[Problem description]
Only the lines from the one containing "Propane Fire Pit" to the end of the listing below should be returned, exactly as written and without pictures.

[Provided records]
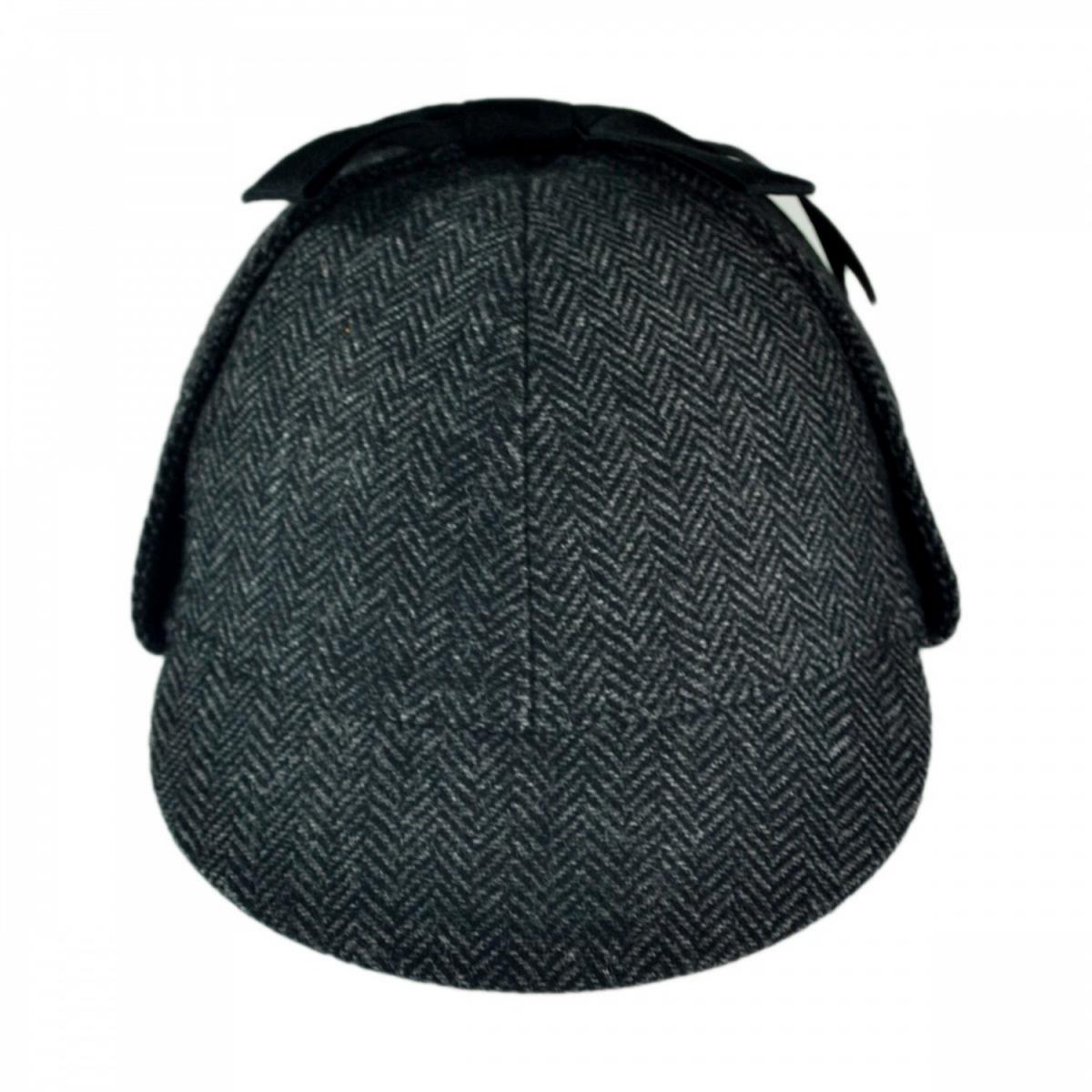 Jaxon Hats | Sherlock Holmes Herringbone Wool Blend Hat | 192399 | front | GREY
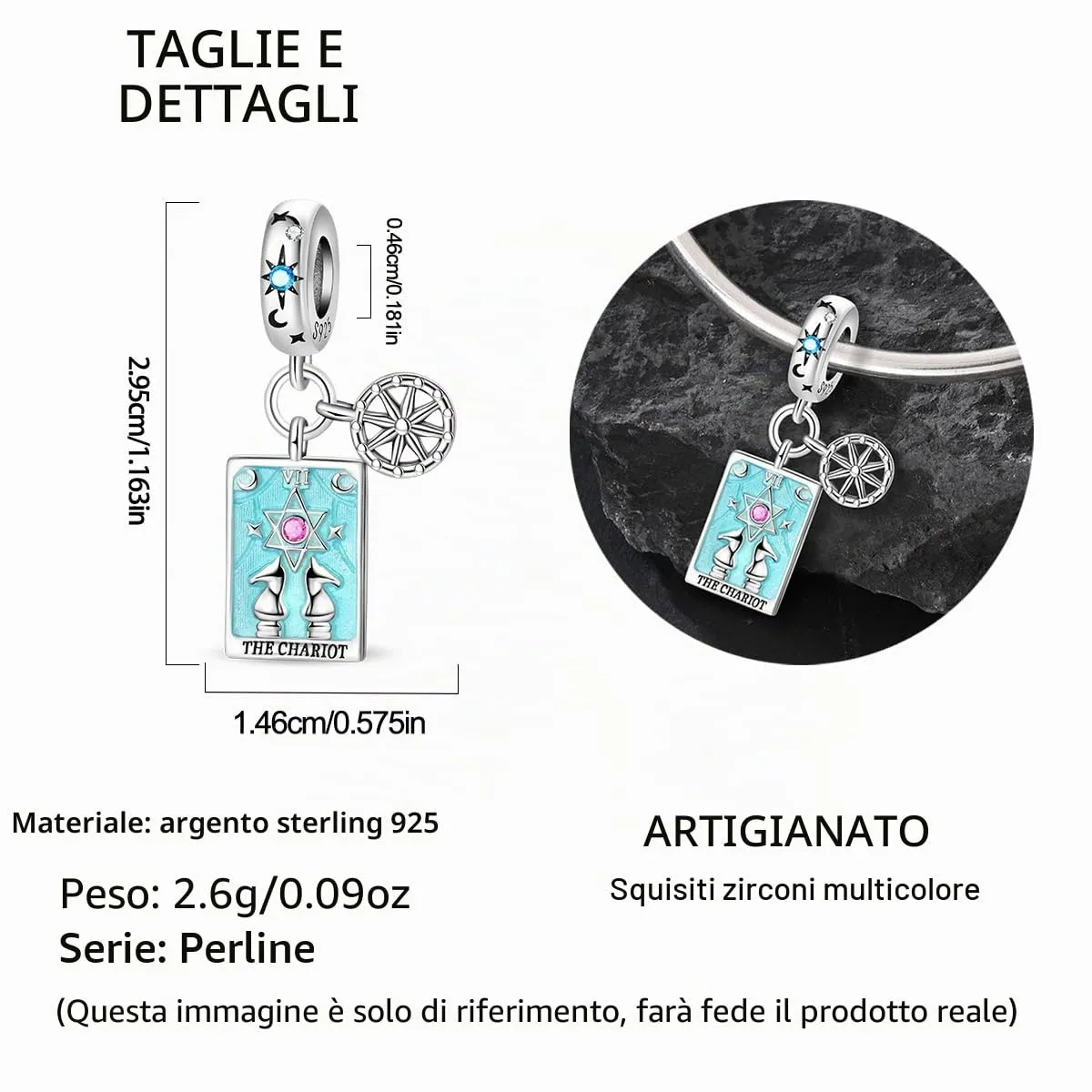 QIKAOLA Ciondolo Bead Charm in Argento Sterling S925 per Bracciali e Collane Europee da Donna - immagine 5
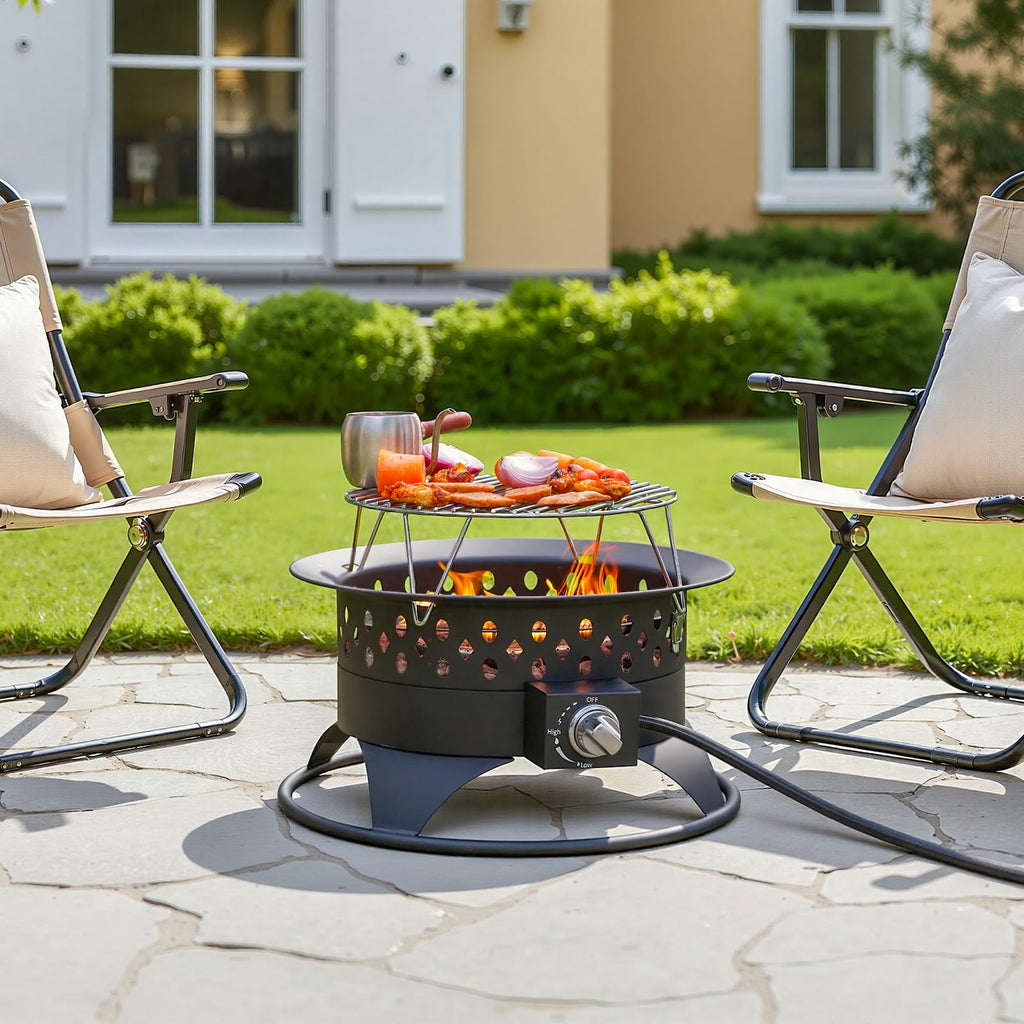 Propane Fire Pit with Grill, 20 in, 60, 000 BTU
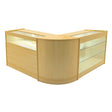 Maple wood LED shop counter set featuring a sleek, curved design with glass display shelves and integrated lighting for visibility
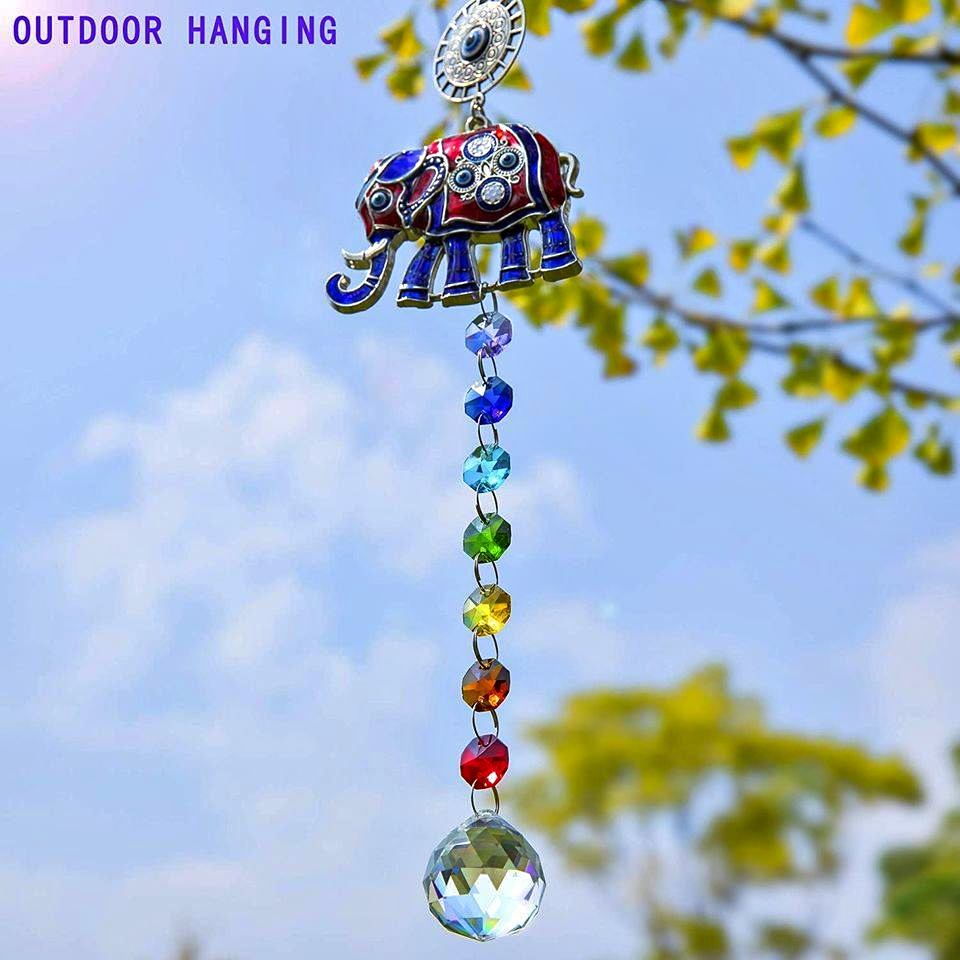 Stunning Turkish Evil Eye Elephant Decor Hanging Crystal Suncatcher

[Answer box]
 Propane Fire Pit with Grill, 20 in, 60, 000 BTU
 Maple wood LED shop counter set featuring a sleek, curved design with glass display shelves and integrated lighting for visibility
 Stunning Turkish Evil Eye Elephant Decor Hanging Crystal Suncatcher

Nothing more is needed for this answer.